01 Was ist ISO/IEC 42001:2023?

ISO/IEC 42001:2023 ist der erste internationale Standard für ein AI Management System (AIMS). Er beschreibt, wie eine Organisation den Einsatz von Künstlicher Intelligenz systematisch plant, steuert, überwacht und verbessert — vergleichbar mit ISO 9001 für Qualitätsmanagement oder ISO 27001 für Informationssicherheit. Veröffentlicht im Dezember 2023.

02 Muss man ISO 42001 einführen, wenn man EU AI Act-konform sein will?

Nein. Die Norm ist freiwillig. Aber sie ist das weltweit erste Managementsystem für KI und deckt einen großen Teil dessen ab, was der AI Act implizit verlangt — Risikomanagement, Rollen, Dokumentation, kontinuierliche Verbesserung. Für Organisationen, die ohnehin AI-Act-konform werden müssen, ist ISO 42001 oft der pragmatischste Weg dorthin.
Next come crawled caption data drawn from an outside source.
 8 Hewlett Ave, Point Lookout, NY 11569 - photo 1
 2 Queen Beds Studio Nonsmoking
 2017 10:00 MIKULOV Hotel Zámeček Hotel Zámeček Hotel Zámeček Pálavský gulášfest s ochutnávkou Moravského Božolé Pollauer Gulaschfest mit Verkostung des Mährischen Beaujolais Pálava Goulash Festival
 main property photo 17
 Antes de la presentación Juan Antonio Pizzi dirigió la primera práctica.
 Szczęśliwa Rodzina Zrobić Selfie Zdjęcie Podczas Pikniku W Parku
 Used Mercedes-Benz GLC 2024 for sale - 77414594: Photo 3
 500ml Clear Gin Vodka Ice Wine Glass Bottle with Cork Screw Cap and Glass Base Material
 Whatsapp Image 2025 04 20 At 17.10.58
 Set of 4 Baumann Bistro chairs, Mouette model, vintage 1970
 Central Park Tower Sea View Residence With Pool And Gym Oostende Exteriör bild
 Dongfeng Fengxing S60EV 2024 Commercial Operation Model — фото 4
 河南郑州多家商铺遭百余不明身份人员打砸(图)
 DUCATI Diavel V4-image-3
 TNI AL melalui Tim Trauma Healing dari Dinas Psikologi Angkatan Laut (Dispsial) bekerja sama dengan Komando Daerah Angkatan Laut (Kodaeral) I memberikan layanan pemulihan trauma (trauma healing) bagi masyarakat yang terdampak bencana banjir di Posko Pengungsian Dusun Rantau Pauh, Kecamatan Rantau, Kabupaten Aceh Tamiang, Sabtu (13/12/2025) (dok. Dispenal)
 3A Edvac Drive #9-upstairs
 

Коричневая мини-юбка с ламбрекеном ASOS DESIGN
03 Lohnt sich eine Zertifizierung, oder reicht die Anwendung des Standards?

Das hängt vom Markt ab. In stark regulierten Branchen (Finanzen, Gesundheit, öffentlicher Sektor) und bei großen Ausschreibungen wird die Zertifizierung zunehmend verlangt oder positiv gewertet. Für viele Organisationen reicht zunächst die saubere Anwendung — mit der Option, später zertifizieren zu lassen. CAIE zertifiziert nicht selbst; wir bereiten vor.

04 Was unterscheidet ISO 42001 von ISO 27001 oder ISO 9001?

Die Struktur ist bewusst verwandt (Annex SL), damit Organisationen bestehende Managementsysteme erweitern können. Der Unterschied liegt im Gegenstand: 42001 adressiert KI-spezifische Fragen — Modell-Lebenszyklus, Datenqualität, Bias, Transparenz, Auswirkungen auf Betroffene — die in 27001 und 9001 nicht systematisch vorkommen.